(What is needed): Give back, exactly as written, the lines of the listing from the top through the line holding "Trump's Policies Fuel", and nothing more. Exclude pictures.

(Records for the exercise):
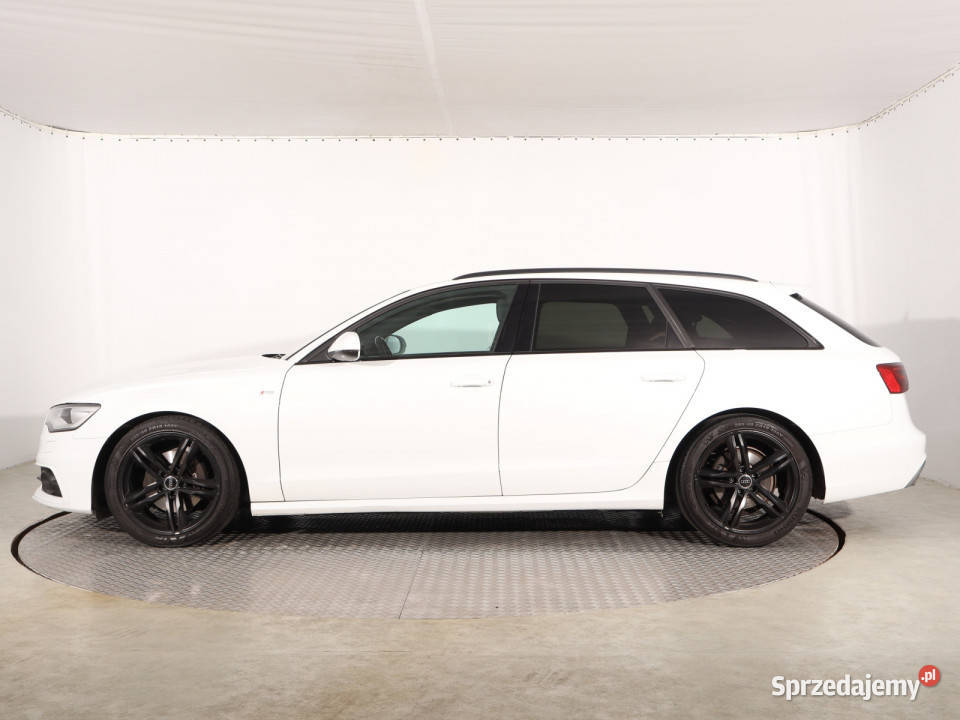 Audi A6 20 TDI diesel Katowice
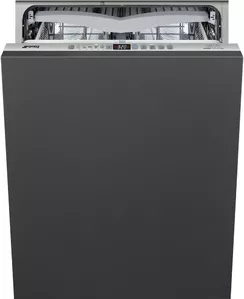 Посудомоечная машина Smeg STL332CH фото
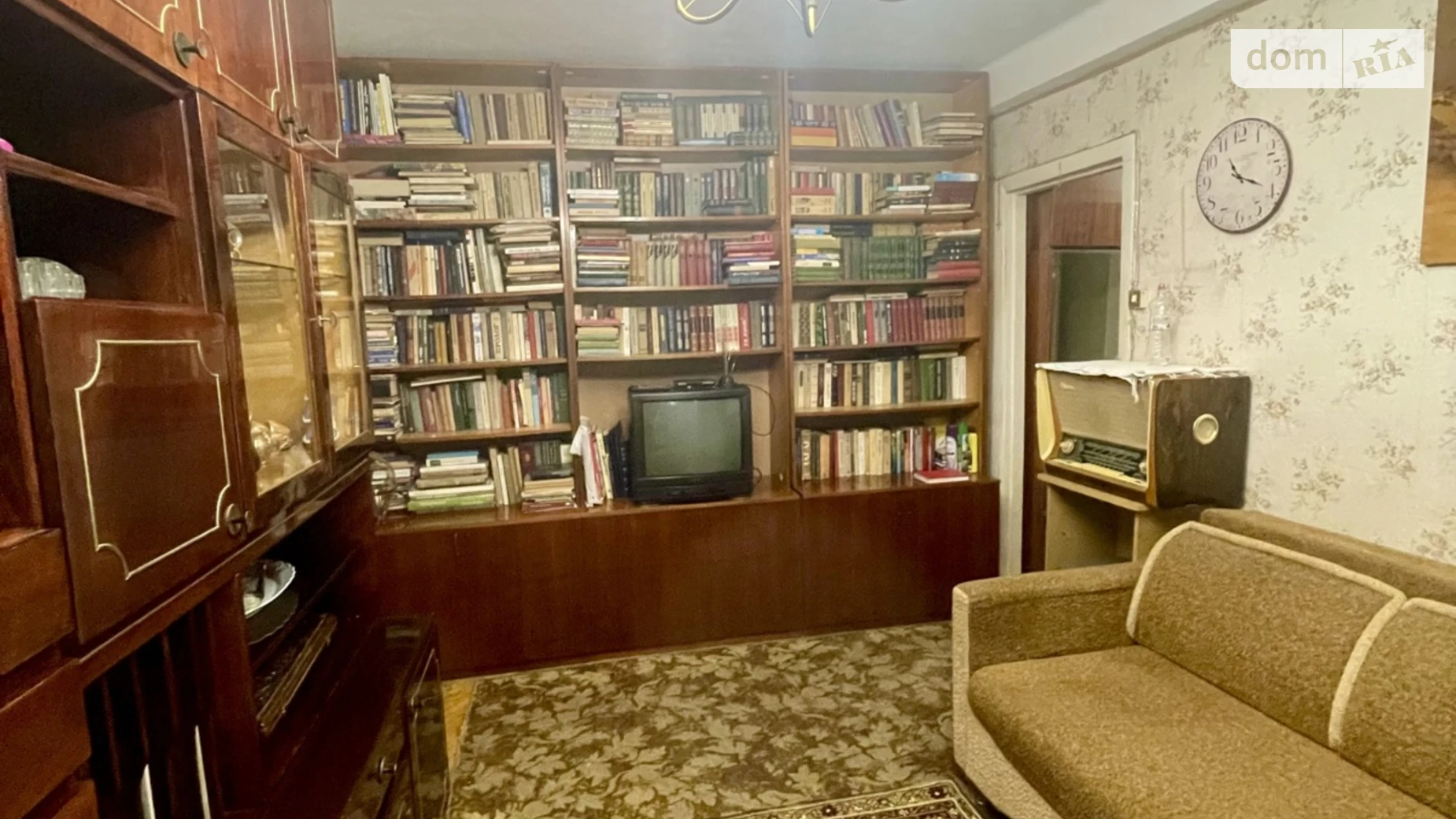 Продается 2-комнатная квартира 39 кв. м в Киеве, ул. Ушинского, 5/1 - фото 2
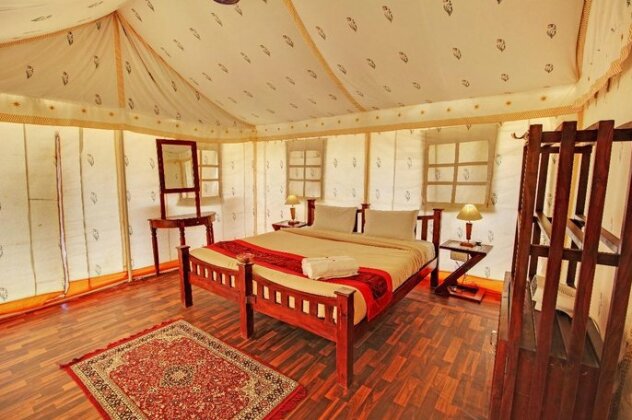 Rajwada desert Camp - Photo4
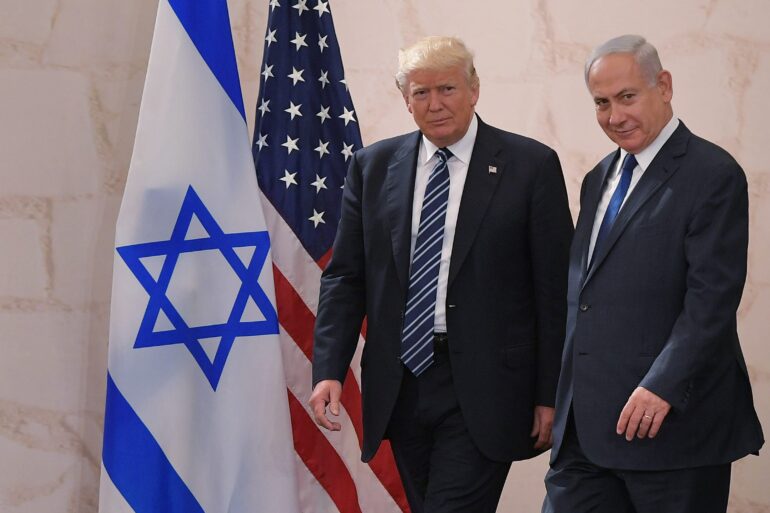 Trump's Policies Fuel Division Within MAGA, As Public Tensions Rise Over Israel and Neoconservative Ideology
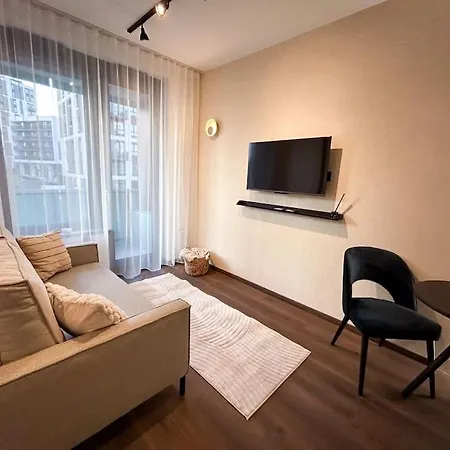 Lägenhet J&m Lux Ubytovani 18 Prag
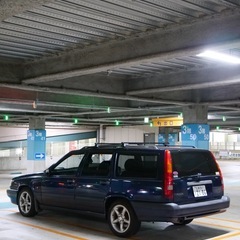 車検残一年半、850エステートの画像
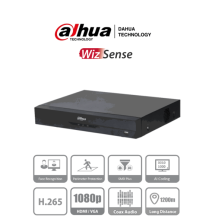 DAHUA DHT0360011 DAHUA XVR5108HE-I3 - DVR de 8 Canales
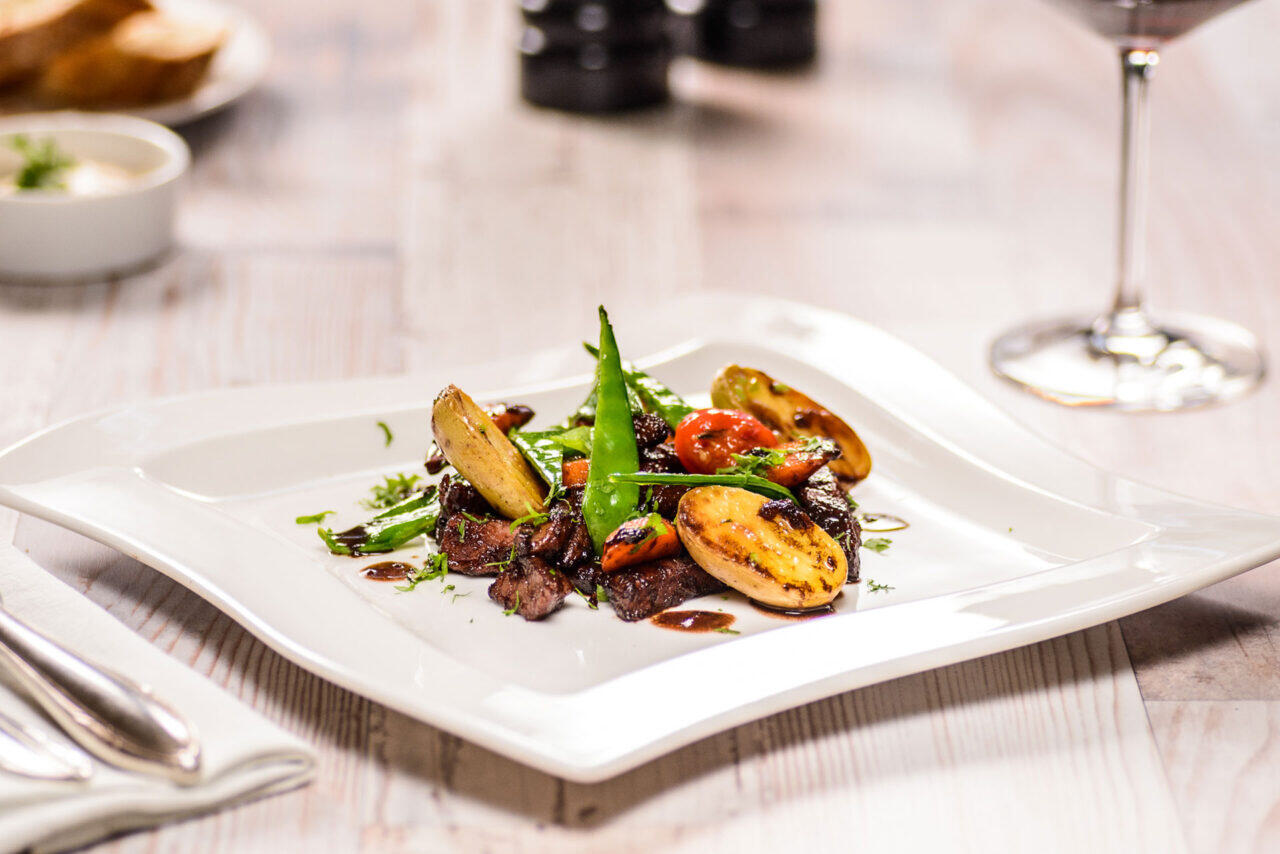 Fleisch für Foodservice und Großhandel - VALIO.de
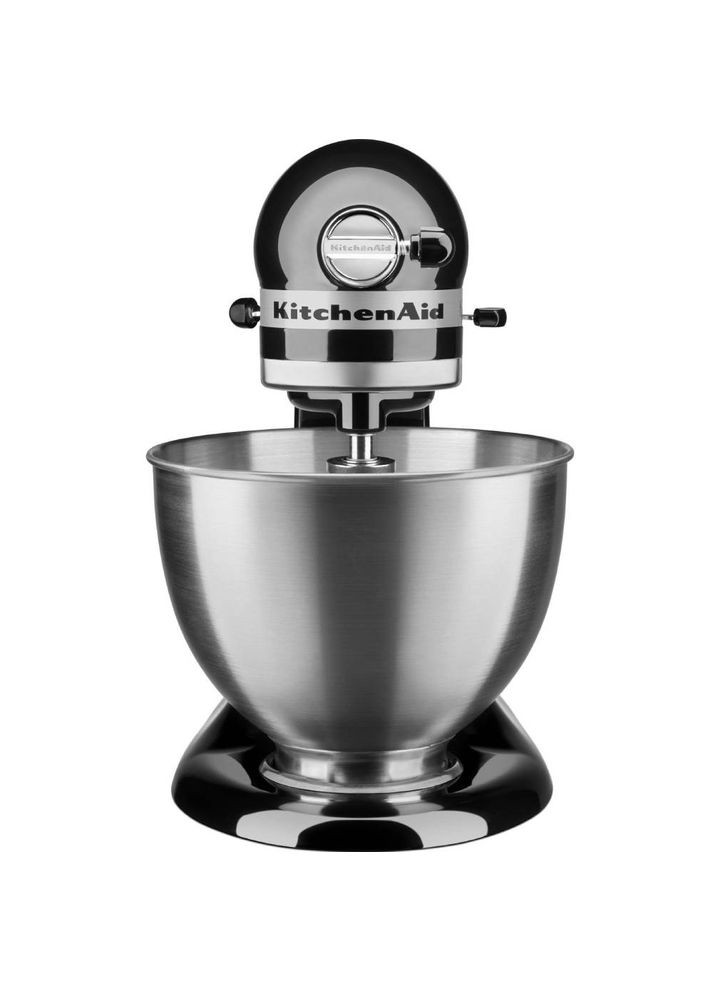 Кухонна машина CLASSIC 4,3 л Чорний (5K45SSEOB) KitchenAid (323115891)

(Final answer):
 Audi A6 20 TDI diesel Katowice
 Посудомоечная машина Smeg STL332CH фото
 Продается 2-комнатная квартира 39 кв. м в Киеве, ул. Ушинского, 5/1 - фото 2
 Rajwada desert Camp - Photo4
 Trump's Policies Fuel Division Within MAGA, As Public Tensions Rise Over Israel and Neoconservative Ideology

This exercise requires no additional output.